Стоит ли договаривать? Материализованное никакой краской не закрасить, а стало быть, Алексею Васильевичу больше никогда в нашей комнате не ночевать, а его Лизавета, пусть кобыла, а против Даши — жеребя.
Я так и знал, что с урока меня погонят, я только не знал, с которого конца турнут.
Моей ученице 14 лет, но она еще не вышла из своего игрушечного царства, сама, как старшая игрушка. В ее мордовских глазах с лукавой косинкой было что-то от суетливых лесных зверков и говорила она по-игрушечному, не по-книжному, вроде Кириллова в «Бесах» у Достоевского или как в записях в дневниках Погодина. Она любила «цветы, яблоки и собаки». Сначала она ко мне присматривалась и час проходил скучно, но как только она заметила мое пристрастие к сказочному, сразу все изменилось. И как, бывало, приду на урок, она возьмет меня за руку и не к столу за книгу, а к своим игрушкам — «поздороваться». С полчаса я так здороваюсь, выслушивая новости о зверином житье-бытье. Я учил ее писать не по прописям — не по-школьному, а своим буквам-фигуркам с закорючами и читал ей сказки: на грамматику времени не было.
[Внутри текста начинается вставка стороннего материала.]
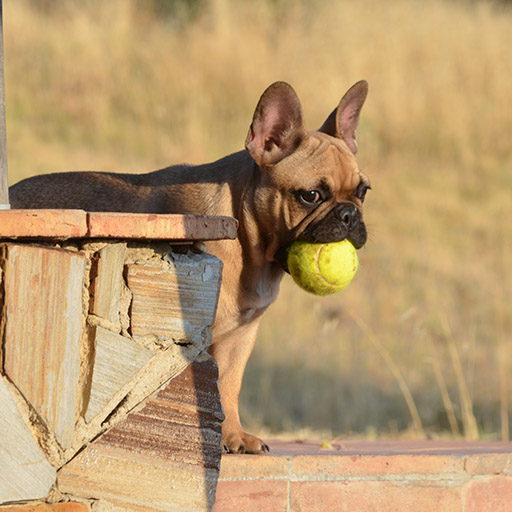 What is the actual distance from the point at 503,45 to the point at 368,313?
289 inches

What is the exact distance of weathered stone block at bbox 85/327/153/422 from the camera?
108 inches

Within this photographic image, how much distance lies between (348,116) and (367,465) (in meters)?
Answer: 1.85

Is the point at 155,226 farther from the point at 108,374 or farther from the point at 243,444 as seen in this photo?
the point at 243,444

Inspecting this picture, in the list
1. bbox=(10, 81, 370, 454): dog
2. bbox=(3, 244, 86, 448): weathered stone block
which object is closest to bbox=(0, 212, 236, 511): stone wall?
bbox=(3, 244, 86, 448): weathered stone block

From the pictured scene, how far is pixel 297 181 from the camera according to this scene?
3.99m

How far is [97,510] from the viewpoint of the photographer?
110 inches

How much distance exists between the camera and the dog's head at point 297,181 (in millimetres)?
3855

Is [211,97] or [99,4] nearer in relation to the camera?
[211,97]

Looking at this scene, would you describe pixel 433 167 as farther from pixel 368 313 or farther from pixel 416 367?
pixel 416 367

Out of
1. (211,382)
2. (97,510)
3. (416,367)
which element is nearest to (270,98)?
(211,382)

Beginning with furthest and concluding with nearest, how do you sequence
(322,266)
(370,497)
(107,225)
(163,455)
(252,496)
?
(322,266) < (370,497) < (252,496) < (163,455) < (107,225)

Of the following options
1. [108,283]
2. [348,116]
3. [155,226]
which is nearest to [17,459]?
[108,283]

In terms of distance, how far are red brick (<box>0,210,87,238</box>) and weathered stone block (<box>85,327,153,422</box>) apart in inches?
12.4

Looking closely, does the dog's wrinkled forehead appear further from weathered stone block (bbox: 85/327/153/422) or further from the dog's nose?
weathered stone block (bbox: 85/327/153/422) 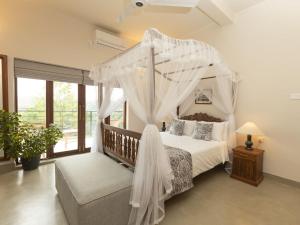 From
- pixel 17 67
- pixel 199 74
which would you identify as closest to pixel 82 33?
pixel 17 67

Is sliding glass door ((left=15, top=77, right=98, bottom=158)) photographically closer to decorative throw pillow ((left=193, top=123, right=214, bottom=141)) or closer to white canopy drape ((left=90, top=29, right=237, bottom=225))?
white canopy drape ((left=90, top=29, right=237, bottom=225))

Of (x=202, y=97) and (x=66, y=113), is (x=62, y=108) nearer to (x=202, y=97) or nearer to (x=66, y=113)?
(x=66, y=113)

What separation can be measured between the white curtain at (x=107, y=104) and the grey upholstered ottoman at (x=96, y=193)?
2.96 ft

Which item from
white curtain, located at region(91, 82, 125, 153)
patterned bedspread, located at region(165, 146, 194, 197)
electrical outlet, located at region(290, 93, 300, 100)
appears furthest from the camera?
white curtain, located at region(91, 82, 125, 153)

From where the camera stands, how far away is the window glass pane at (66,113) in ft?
12.6

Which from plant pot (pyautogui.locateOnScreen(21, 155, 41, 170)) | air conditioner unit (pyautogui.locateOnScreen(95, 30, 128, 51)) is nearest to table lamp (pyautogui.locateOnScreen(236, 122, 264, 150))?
air conditioner unit (pyautogui.locateOnScreen(95, 30, 128, 51))

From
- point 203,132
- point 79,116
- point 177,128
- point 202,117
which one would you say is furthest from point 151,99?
point 79,116

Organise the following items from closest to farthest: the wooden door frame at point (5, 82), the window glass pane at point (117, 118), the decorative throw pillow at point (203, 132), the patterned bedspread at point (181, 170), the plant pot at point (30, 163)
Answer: the patterned bedspread at point (181, 170) < the wooden door frame at point (5, 82) < the plant pot at point (30, 163) < the decorative throw pillow at point (203, 132) < the window glass pane at point (117, 118)

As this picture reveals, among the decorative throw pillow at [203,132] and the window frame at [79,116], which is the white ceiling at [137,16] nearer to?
the window frame at [79,116]

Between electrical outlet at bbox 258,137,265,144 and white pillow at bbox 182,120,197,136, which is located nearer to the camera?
electrical outlet at bbox 258,137,265,144

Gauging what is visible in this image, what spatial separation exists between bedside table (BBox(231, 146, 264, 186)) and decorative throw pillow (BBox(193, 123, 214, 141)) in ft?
1.72

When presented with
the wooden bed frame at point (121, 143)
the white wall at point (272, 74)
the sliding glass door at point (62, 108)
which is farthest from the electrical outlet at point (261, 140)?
the sliding glass door at point (62, 108)

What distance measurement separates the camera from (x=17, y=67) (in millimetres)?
3213

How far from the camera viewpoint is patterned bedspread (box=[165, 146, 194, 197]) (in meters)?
2.16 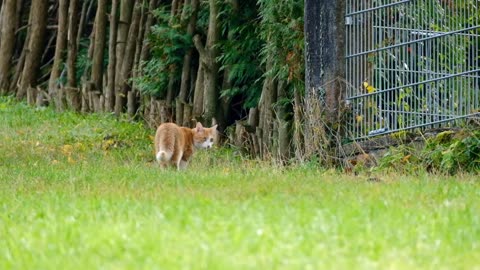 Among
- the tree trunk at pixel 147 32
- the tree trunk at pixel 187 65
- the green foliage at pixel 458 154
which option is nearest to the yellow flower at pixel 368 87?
the green foliage at pixel 458 154

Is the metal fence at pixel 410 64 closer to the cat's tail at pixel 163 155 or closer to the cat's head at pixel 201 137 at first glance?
the cat's head at pixel 201 137

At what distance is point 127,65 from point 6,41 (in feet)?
23.1

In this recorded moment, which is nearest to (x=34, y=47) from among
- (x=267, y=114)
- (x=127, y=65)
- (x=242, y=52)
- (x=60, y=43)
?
(x=60, y=43)

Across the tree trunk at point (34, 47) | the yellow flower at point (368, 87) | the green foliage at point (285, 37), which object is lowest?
the tree trunk at point (34, 47)

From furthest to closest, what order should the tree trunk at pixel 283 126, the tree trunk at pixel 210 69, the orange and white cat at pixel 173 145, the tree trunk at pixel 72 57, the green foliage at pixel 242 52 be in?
the tree trunk at pixel 72 57
the tree trunk at pixel 210 69
the green foliage at pixel 242 52
the tree trunk at pixel 283 126
the orange and white cat at pixel 173 145

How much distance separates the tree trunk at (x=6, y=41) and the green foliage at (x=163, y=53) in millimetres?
8451

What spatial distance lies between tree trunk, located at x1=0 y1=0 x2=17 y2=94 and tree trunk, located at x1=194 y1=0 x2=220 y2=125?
436 inches

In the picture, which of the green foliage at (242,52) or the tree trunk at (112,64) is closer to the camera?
the green foliage at (242,52)

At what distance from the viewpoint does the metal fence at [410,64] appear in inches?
636

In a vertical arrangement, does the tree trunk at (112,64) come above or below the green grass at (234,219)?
below

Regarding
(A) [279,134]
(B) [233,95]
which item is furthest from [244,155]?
(B) [233,95]

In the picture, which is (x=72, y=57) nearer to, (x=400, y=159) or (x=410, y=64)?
(x=410, y=64)

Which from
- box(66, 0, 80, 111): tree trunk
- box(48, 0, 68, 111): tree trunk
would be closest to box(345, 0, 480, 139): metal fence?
box(66, 0, 80, 111): tree trunk

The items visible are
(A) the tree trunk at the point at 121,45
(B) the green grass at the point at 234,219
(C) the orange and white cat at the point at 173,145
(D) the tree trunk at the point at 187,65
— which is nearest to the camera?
(B) the green grass at the point at 234,219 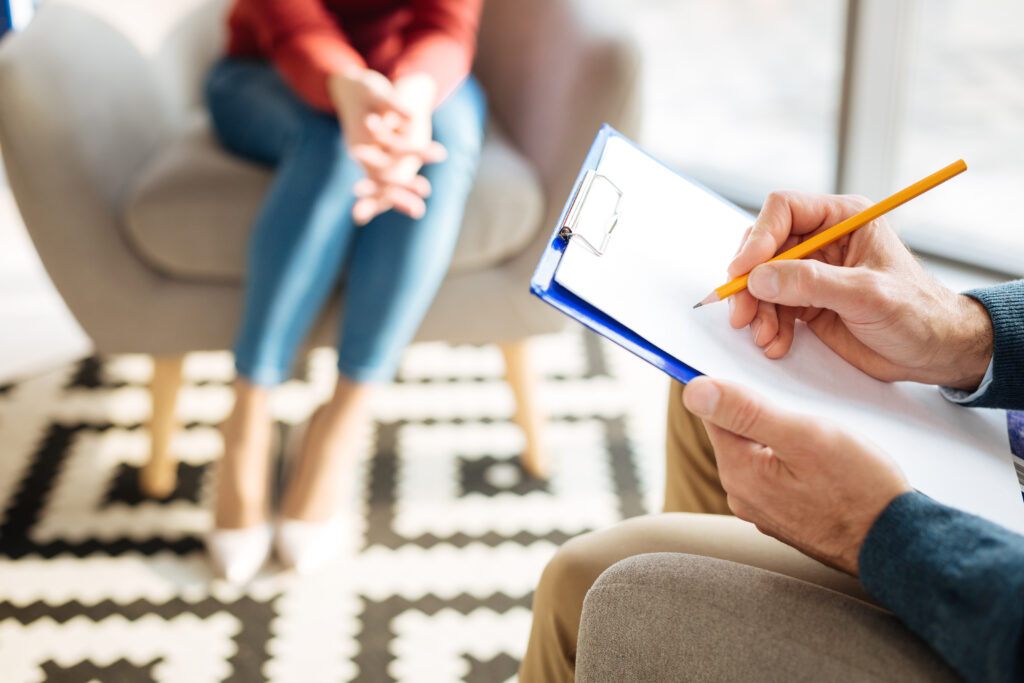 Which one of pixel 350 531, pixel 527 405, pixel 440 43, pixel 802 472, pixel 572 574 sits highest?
pixel 440 43

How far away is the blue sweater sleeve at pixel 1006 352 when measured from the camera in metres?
0.60

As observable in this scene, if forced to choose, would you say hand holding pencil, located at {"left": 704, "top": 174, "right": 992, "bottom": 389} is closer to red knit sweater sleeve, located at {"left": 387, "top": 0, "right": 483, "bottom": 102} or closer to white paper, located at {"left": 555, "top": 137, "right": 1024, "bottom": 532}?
white paper, located at {"left": 555, "top": 137, "right": 1024, "bottom": 532}

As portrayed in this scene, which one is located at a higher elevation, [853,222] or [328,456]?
[853,222]

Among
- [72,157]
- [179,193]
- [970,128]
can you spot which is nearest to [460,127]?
[179,193]

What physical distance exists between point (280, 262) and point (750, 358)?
65 centimetres

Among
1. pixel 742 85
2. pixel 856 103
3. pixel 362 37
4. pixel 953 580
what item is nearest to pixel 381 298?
pixel 362 37

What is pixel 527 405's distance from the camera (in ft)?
4.27

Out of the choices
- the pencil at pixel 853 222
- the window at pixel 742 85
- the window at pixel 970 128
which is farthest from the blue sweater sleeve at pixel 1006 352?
the window at pixel 742 85

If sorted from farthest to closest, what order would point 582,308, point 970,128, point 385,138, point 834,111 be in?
point 970,128, point 834,111, point 385,138, point 582,308

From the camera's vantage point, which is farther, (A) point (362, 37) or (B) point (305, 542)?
(A) point (362, 37)

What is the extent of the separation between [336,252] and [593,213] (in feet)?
1.89

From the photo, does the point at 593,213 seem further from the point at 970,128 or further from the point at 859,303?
the point at 970,128

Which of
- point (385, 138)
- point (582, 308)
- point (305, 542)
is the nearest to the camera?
point (582, 308)

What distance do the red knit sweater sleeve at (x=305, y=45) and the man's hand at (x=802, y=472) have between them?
74 cm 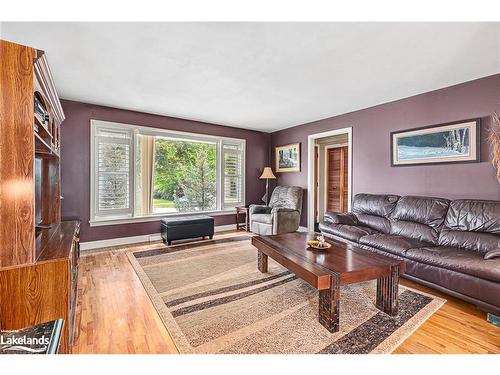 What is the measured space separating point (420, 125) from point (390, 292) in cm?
271

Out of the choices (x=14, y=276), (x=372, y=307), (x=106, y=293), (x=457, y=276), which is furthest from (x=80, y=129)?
(x=457, y=276)

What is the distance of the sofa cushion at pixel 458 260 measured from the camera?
208 centimetres

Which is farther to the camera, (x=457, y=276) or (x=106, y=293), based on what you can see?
(x=106, y=293)

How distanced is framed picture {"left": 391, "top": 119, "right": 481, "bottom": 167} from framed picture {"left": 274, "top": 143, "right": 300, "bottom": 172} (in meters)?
2.21

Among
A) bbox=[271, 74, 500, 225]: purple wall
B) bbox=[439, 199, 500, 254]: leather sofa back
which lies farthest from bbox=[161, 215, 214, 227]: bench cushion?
bbox=[439, 199, 500, 254]: leather sofa back

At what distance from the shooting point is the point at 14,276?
161 cm

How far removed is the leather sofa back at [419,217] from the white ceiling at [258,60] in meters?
1.57

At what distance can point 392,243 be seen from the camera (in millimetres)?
2912

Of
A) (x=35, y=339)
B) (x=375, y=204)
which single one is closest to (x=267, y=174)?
(x=375, y=204)

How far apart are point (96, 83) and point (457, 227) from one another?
4883 mm

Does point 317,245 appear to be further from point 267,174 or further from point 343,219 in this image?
point 267,174

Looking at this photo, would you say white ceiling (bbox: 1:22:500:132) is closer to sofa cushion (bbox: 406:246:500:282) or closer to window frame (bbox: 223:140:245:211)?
window frame (bbox: 223:140:245:211) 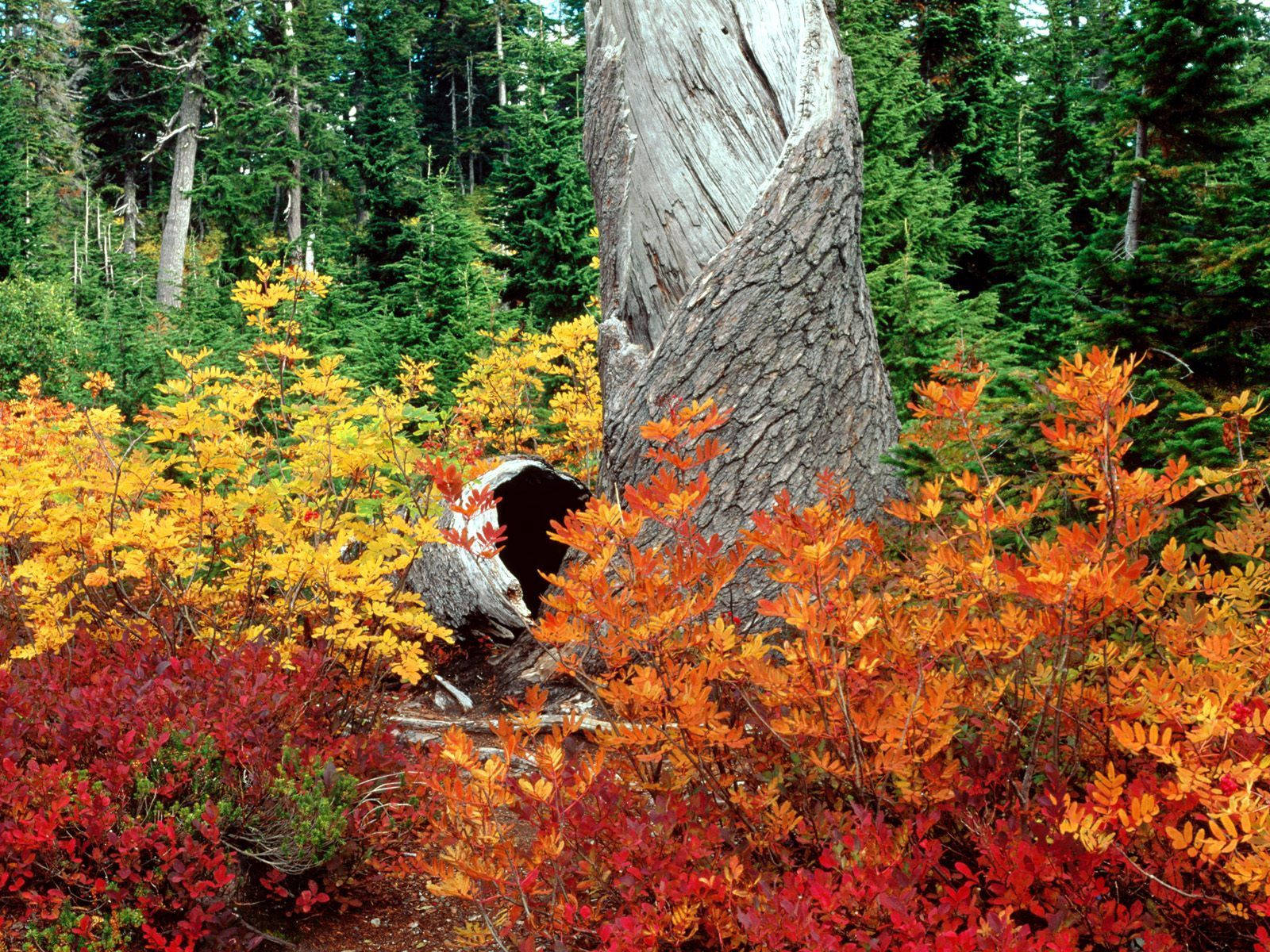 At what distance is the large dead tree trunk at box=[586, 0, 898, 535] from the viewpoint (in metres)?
3.77

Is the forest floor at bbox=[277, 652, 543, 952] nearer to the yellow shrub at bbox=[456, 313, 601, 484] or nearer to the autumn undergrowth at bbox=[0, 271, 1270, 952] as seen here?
the autumn undergrowth at bbox=[0, 271, 1270, 952]

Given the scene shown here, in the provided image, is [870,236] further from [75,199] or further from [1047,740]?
[75,199]

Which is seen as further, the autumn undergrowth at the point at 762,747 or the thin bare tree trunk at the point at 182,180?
the thin bare tree trunk at the point at 182,180

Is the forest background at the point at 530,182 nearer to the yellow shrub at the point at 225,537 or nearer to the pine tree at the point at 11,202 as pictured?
the pine tree at the point at 11,202

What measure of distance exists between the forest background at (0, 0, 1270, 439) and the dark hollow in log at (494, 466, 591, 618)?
6.62ft

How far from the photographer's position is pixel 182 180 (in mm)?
19953

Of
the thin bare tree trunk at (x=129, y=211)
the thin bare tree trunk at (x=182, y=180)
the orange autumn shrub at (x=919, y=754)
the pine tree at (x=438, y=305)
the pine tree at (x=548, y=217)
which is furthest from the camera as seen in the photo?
the thin bare tree trunk at (x=129, y=211)

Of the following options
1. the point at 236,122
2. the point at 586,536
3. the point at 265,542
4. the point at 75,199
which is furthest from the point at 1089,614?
the point at 75,199

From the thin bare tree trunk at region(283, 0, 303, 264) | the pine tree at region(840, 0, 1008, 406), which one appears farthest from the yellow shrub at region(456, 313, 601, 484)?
the thin bare tree trunk at region(283, 0, 303, 264)

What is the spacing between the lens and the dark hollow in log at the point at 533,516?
496 centimetres

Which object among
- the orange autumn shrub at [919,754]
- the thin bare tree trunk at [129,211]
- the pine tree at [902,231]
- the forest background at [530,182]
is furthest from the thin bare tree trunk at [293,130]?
the orange autumn shrub at [919,754]

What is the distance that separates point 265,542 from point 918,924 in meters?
2.77

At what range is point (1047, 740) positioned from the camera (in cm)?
192

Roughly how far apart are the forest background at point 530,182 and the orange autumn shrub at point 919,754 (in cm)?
120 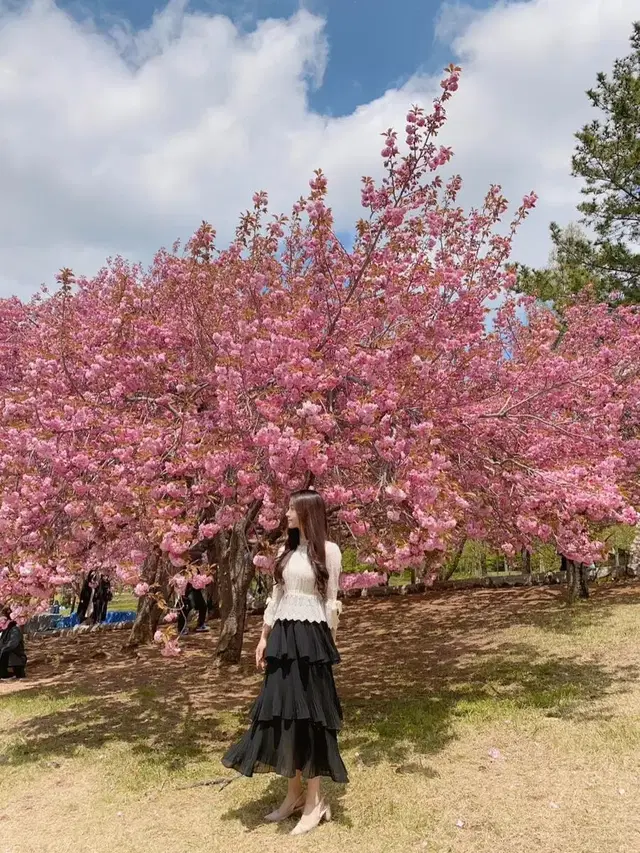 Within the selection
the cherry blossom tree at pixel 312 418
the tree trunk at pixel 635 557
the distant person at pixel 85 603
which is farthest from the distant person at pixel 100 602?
the tree trunk at pixel 635 557

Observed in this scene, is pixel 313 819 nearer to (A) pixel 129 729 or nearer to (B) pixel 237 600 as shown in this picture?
(A) pixel 129 729

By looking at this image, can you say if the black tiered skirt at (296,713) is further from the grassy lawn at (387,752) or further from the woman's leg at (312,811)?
the grassy lawn at (387,752)

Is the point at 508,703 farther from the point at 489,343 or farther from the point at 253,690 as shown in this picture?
the point at 489,343

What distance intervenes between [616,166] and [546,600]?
36.0 feet

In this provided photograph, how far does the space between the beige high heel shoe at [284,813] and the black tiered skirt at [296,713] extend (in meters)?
0.33

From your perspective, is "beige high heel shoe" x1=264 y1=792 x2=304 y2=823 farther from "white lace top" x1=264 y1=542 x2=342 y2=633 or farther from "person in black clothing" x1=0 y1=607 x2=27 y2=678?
"person in black clothing" x1=0 y1=607 x2=27 y2=678

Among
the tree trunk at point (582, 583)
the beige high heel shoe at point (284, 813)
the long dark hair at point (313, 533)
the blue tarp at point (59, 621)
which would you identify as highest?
the long dark hair at point (313, 533)

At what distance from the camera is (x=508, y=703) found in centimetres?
611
Прерывая мои сказки, она вставляла слова, а случалось по-своему и досказывала. Мне не только не было трудно, я готов был за свои 15 рублей и еще час просидеть с Ириной. Но вышло все по-другому: неожиданно позвала меня к себе ее мать. «Зачем вы учите Ирину неприличным словам?» Помню, меня это так ошарашило, не зная что и ответить и вдруг вспомнил, рассказывала мне Ирина, как на именинах матери она отличилась: читала стихи. «При гостях, — с упреком выговаривала мне мать, — „Чучело-чумичело гороховая куличина!“ и это обращаясь к матери!» На этом и кончилось. Меня даже не допустили с игрушками проститься, получай 15 рублей — и показали на дверь. В прихожей бросилась Ирина ко мне: «Я вас никогда не забываю!» — передохнув по-детски, протянула уже не слово, а слезами и сунула мне в руки оборванный хвост какого-то зверька. Его потом моль съела.